March 11, 2016
By: Arnold Goldberger, Washington, D.C.One day in October, my wife Avriel fell and suffered a stroke. Fortunately, a nurse practitioner from MedStar Washington Hospital Center’s Medical House Call program quickly arrived at our home. Nurse Genet Taye evaluated Avriel’s condition and consulted with our doctor by phone. They determined that she didn’t need to go to the emergency room that evening, but could remain comfortable at home until the next morning.
Dr. George Taler, a co-founder of the Medical House Call program, helped me advocate for my wife throughout her hospitalization. He always had time to talk with my daughter and me. He never seemed to be in a rush.

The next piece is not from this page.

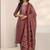 women ethnic motifs printed regular thread work kurta with trousers & with dupatta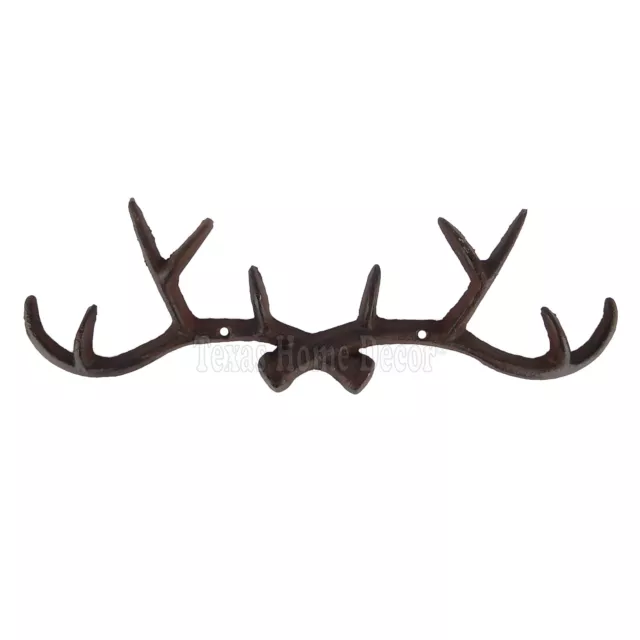 Deer Antler Coat Rack Key Hooks Hat Towel Cast Iron Wall Mount Cabin Lodge Brown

As Medicare patients, my wife and I were able to join the Hospital Center’s Medical House Call program. This program is one of 14 sites of the Independence at Home Demonstration under the Affordable Care Act’s Innovation Center housed in the Centers for Medicare and Medicaid Services. The demonstration, which is the same model of care as the Medical House Call program, is designed to bring quality health care to frail seniors on Medicare in the comfort of their homes and avoid the more costly care in emergency rooms and hospitals. I am not enrolled in the Independence at Home Demonstration because I have not been hospitalized in the last year, which is a good thing, but that’s a criterion for the demonstration. Still the quality and type of primary care I am receiving at home is the same as for those Medical House Call patients who are enrolled and being studied in the demonstration.